WASHINGTON — The Federal Home Loan Bank System could finally be on its way to shrinking.
The Federal Housing Finance Agency on Monday issued a proposal that would provide specific guidelines and procedures to allow for the voluntary merger of any of the 12 Home Loan banks.
The banks were already allowed to merge under the Housing and Economic Recovery Act, but regulators had provided no details on the terms of a merger or whether it would be approved.
Industry observers said that outlining those terms could eventually pave the way for consolidation in the Home Loan Bank System.
"This proposal reflects the parlous condition at the majority of the banks. Last week FHFA disclosed that seven of the 12 have very low supervisory ratings," said Karen Shaw Petrou, managing partner at Federal Financial Analytics Inc. "The proposal paints a broad landscape of strategic options for the banks, with voluntary merger just one of them. I think the banks will need very, very quickly to consider their strategic options under this proposal and draw up plans ASAP before their choices are constrained still more and FHFA is forced to intervene."
The notice comes as the Obama administration is working on a plan to revamp the mortgage finance system, a restructuring that will include Fannie Mae and Freddie Mac. The administration has promised to unveil a reform package in January. The Home Loan banks are lobbying to be kept out of the reform process, arguing that their help was vital during the financial crisis.
In its proposal the FHFA said it was open to a merger where two banks combine to form an entirely new Home Loan bank, and a purchase and assumption transaction, in which one or more banks acquires substantially all of the assets and assumes most of the liabilities of another Home Loan bank.
Although the FHFA opened the door wide to any proposed combination, it said it would make approvals on a case-by-case basis.

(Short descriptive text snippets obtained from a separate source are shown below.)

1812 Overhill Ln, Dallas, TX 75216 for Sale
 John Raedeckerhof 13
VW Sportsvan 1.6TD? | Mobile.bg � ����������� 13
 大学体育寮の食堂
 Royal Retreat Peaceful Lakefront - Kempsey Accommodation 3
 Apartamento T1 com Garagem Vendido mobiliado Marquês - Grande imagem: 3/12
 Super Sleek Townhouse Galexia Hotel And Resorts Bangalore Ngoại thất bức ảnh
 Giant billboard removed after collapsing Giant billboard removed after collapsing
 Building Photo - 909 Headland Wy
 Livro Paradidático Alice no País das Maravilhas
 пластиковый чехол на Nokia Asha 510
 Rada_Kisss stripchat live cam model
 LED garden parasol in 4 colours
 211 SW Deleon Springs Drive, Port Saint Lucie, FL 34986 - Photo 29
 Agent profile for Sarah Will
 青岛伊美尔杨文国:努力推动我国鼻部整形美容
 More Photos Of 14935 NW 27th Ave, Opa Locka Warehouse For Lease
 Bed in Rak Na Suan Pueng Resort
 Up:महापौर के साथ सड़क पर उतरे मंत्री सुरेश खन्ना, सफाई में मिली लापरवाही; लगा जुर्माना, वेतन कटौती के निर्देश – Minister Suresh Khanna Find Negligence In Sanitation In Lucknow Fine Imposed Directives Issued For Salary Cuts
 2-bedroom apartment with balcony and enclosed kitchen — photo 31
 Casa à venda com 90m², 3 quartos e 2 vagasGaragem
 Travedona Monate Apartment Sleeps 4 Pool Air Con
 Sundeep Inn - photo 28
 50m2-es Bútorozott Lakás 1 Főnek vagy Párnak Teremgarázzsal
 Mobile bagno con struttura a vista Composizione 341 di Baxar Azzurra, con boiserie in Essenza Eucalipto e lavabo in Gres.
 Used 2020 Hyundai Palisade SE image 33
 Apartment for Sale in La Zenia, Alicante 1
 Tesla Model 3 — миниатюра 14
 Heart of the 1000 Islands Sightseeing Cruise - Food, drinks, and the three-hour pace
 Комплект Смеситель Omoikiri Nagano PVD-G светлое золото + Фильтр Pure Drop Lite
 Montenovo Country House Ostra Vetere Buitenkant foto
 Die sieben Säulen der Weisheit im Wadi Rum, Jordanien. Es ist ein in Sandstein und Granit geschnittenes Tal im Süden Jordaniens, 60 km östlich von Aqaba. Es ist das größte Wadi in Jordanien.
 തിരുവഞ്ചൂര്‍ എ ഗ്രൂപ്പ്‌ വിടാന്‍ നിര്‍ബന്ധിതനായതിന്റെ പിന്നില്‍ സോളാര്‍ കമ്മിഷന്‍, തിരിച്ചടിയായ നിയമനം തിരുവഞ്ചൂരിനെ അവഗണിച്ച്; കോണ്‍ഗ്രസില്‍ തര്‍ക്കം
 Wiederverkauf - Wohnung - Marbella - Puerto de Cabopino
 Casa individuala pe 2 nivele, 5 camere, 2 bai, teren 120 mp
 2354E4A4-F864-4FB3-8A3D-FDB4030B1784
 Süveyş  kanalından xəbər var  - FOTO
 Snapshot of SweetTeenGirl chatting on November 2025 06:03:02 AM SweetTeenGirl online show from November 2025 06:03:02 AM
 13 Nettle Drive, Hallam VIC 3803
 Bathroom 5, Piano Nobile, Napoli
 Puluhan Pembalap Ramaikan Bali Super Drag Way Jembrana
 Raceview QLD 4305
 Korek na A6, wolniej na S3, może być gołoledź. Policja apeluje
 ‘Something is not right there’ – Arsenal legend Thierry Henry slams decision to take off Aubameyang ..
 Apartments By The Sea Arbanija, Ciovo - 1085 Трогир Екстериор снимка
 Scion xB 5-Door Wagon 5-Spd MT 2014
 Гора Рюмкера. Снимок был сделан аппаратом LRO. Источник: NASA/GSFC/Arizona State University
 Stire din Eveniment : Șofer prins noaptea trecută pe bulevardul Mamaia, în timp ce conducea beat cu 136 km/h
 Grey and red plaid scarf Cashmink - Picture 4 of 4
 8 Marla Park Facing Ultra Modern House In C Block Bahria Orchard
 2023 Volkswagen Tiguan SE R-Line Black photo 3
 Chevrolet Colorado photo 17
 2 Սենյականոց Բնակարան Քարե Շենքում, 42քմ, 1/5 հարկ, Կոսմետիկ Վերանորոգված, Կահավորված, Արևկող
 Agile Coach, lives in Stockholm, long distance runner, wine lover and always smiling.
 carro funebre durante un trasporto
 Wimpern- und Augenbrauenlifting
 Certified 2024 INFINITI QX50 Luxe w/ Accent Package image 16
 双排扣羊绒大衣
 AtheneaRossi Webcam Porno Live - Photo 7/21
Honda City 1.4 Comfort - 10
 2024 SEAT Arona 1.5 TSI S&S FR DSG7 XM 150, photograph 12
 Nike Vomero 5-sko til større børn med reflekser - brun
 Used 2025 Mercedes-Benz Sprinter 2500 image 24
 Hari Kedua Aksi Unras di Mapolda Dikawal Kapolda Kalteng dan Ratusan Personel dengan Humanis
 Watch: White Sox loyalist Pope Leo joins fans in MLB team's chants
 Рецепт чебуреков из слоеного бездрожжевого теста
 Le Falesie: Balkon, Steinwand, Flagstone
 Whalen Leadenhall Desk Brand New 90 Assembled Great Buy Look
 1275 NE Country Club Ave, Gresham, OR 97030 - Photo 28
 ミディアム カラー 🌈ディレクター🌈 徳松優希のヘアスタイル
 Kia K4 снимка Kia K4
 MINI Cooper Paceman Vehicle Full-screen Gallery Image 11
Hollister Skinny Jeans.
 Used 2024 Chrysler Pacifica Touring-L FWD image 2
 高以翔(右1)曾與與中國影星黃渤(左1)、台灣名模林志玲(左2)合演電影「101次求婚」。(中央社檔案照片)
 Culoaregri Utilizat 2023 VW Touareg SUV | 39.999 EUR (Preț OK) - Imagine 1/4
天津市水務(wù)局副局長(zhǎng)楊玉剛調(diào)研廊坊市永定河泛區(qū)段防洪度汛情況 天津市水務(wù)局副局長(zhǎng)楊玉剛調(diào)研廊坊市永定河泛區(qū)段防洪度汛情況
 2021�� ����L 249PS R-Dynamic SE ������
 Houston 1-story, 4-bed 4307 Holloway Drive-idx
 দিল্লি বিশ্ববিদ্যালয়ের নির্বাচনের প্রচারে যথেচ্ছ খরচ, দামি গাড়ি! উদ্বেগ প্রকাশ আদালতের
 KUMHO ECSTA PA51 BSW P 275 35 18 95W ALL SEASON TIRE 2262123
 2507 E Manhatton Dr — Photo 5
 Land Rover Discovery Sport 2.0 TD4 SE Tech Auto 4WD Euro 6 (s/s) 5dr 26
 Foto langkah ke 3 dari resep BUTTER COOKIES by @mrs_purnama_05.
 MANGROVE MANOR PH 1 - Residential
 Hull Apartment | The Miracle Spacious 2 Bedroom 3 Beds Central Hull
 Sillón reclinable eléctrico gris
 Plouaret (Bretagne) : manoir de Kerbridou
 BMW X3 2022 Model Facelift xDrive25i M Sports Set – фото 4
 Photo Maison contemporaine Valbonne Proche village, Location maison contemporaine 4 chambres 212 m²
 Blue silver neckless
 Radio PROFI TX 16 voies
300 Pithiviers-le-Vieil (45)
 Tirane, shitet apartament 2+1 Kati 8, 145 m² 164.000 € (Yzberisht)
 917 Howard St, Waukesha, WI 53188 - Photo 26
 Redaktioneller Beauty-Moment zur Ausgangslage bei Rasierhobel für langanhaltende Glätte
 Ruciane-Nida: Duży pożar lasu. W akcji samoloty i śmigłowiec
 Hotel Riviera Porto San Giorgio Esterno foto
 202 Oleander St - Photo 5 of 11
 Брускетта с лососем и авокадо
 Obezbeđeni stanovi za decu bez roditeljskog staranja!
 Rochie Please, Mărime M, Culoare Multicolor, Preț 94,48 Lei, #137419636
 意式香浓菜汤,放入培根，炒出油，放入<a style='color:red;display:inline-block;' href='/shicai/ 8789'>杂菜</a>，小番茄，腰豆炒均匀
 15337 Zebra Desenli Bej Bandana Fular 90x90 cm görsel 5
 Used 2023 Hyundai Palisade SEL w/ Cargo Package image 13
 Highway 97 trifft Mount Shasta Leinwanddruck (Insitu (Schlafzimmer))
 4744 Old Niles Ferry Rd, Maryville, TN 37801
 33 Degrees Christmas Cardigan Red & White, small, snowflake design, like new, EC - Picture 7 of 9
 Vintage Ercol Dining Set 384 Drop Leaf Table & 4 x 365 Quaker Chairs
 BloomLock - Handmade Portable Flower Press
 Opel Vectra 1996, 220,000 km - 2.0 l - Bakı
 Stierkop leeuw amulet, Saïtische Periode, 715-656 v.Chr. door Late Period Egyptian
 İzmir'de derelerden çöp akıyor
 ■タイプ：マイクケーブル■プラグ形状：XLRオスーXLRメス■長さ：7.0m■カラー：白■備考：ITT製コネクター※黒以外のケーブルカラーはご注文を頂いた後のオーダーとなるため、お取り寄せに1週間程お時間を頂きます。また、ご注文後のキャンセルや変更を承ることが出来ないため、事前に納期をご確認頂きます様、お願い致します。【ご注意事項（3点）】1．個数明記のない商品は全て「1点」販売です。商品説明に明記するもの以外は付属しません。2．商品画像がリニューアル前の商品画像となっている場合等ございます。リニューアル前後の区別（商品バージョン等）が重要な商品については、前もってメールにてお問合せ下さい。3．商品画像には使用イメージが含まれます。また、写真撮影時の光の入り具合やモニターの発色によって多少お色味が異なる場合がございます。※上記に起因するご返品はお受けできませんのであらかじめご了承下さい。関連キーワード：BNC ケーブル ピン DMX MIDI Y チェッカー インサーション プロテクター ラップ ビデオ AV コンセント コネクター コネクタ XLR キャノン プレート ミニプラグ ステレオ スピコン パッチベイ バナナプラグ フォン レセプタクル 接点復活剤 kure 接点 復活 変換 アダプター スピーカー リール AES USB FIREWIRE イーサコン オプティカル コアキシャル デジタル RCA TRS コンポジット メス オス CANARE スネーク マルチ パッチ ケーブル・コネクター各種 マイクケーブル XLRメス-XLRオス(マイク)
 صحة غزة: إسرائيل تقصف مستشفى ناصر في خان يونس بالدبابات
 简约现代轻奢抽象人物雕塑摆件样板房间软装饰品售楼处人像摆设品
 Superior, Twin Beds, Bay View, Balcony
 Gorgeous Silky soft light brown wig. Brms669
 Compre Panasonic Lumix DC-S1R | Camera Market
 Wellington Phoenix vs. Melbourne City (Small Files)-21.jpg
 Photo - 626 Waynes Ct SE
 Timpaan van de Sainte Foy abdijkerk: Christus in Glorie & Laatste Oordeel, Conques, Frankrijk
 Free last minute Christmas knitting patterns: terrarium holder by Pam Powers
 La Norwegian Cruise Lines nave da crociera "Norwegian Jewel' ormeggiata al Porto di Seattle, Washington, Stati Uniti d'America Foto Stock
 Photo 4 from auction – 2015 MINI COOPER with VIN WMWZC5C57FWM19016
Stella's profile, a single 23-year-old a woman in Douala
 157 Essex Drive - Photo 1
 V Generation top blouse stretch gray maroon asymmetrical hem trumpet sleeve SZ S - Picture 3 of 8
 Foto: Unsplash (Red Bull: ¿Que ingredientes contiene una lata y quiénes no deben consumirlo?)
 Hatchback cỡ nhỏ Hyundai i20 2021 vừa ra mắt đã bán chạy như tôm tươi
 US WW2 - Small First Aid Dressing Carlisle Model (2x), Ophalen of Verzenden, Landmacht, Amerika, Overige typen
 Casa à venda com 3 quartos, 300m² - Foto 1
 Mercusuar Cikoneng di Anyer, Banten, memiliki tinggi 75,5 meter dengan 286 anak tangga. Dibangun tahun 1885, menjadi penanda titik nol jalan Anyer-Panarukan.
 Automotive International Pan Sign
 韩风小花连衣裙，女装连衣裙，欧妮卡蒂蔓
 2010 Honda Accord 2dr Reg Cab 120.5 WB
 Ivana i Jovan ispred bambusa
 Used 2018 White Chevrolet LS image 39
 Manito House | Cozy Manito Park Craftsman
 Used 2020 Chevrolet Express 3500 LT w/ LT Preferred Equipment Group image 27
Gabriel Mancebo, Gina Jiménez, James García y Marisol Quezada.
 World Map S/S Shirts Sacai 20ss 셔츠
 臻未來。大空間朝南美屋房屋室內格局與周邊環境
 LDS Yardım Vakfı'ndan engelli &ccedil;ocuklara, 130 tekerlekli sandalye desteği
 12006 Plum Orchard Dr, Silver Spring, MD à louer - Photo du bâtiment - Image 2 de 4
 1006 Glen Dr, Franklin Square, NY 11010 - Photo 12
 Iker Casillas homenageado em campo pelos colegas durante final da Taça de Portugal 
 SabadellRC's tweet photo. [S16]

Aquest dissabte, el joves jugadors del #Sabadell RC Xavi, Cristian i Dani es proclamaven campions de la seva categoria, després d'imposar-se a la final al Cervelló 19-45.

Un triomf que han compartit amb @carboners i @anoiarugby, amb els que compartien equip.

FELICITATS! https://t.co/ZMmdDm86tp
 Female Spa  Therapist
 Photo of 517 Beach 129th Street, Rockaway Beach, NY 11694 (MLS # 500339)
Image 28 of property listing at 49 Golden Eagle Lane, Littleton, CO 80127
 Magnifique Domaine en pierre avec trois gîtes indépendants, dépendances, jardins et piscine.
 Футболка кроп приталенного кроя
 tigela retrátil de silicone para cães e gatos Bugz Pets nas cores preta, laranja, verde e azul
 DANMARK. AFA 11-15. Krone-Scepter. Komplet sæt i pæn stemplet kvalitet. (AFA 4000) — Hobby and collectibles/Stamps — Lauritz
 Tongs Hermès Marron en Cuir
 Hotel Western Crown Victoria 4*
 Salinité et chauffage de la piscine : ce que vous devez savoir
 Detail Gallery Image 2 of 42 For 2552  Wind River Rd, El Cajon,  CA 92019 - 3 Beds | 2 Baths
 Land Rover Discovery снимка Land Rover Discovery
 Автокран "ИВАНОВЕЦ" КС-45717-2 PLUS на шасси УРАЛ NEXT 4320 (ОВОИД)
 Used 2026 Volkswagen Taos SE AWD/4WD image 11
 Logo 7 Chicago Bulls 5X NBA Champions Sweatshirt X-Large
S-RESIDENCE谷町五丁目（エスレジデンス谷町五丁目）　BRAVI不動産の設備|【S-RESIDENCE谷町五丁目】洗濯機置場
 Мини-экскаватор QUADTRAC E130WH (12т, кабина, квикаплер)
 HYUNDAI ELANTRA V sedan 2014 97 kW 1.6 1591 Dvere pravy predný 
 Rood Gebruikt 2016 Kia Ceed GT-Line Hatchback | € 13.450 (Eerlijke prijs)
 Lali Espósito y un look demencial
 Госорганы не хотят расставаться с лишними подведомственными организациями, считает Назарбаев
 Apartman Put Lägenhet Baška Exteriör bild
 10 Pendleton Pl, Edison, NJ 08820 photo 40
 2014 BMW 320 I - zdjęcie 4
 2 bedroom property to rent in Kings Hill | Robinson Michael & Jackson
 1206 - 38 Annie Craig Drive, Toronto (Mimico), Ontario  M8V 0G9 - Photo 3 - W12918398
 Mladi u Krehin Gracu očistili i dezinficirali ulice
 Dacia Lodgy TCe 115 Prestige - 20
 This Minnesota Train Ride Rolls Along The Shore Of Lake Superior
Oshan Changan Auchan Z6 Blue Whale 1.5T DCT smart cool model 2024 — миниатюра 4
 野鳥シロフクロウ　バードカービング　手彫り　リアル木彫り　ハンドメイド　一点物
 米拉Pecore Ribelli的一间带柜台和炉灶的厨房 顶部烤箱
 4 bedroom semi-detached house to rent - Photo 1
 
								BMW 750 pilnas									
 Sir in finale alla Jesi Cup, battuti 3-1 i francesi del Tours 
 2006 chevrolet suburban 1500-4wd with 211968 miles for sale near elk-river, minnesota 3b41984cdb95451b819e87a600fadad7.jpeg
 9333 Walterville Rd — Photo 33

"The breadth of the definition does not imply that FHFA would necessarily approve all types of mergers, but only that regulations contained in this part would not preclude a proposed business combination that involve something other than a legal merger," the proposal said.
"FHFA would consider the merits of each proposed transaction, regardless of its structure, on a case-by-case basis in deciding whether to approve the transaction."
The agency made clear that the existence of "voluntary mergers" under HERA demonstrates congressional intent to permit banks to consider various business combinations that could benefit their members or to the system as a whole. "The addition of the Banks' voluntary merger authority to the Bank Act appears intended to enable and encourage the Banks to develop merger proposals based on their own assessments of their business needs," the proposal said.
The FHFA said all new capital structure plans and modifications to any existing capital structure plan would have to be approved by the agency.
The agency said its standards would largely track other federal banking regulators in consideration of a merger.
The proposal said the FHFA's director will take into consideration "the financial and managerial resources of each of the bank, the future prospect of the bank, and the effect of the proposed merger on the safety and soundness of the continuing bank and bank system."
The agency had some clear ideas on a way ahead, but it left open for discussion other areas, including what voting programs would be most appropriate for obtaining members' approval of a proposed merger; how those may best be structured; and how to address the transition from a separate board of the banks to the combined board of the new bank.
Although many have questioned the need for 12 Home Loan banks in the modern economic system, efforts to merge some of them have never gotten far off the ground.
The Chicago and Dallas banks came closest to a voluntary merger in 2008, but it was scuttled, partly over concerns about the Chicago bank's exact worth.
The FHFA proposal is open for comment for 60 days.